*** MATERIAL FOR THE TASK Section Begins ***

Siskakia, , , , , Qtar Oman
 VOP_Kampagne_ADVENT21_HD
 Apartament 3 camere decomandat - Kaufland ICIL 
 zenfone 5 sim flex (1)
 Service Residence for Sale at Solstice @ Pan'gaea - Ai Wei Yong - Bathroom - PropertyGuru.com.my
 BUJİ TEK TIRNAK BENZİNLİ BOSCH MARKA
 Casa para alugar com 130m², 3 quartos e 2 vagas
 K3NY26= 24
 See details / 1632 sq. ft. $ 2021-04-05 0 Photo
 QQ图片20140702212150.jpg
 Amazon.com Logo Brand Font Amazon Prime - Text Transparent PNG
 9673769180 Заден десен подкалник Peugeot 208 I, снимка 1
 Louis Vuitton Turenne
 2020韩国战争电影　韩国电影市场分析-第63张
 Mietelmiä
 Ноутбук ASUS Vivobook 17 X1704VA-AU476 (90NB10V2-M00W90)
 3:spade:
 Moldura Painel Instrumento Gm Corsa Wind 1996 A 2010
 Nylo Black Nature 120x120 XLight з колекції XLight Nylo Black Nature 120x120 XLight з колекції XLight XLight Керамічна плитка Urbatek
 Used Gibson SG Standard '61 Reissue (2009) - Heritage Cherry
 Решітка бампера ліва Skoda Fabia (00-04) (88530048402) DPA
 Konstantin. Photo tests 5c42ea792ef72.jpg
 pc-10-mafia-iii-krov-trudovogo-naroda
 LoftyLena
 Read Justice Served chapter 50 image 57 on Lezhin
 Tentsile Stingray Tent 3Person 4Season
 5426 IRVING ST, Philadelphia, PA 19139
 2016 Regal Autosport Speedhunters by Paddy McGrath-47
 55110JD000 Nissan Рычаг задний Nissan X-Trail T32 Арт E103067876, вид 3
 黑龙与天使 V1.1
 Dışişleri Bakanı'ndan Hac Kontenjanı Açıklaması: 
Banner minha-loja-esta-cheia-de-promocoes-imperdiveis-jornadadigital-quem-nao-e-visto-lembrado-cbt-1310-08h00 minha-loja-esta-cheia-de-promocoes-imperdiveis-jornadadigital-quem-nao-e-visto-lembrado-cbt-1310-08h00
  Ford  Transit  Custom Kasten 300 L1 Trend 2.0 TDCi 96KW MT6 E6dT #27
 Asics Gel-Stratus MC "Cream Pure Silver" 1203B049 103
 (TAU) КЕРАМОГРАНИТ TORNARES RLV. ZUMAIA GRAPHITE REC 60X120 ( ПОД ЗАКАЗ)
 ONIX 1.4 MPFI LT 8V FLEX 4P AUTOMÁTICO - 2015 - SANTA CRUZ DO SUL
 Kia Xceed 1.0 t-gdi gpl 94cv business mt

*** MATERIAL FOR THE TASK Section Ends ***

WHAT TO WORK ON:
Scan the data above. Return every line with "Photo" in it.

WRITTEN REPLY:
 See details / 1632 sq. ft. $ 2021-04-05 0 Photo
 Konstantin. Photo tests 5c42ea792ef72.jpg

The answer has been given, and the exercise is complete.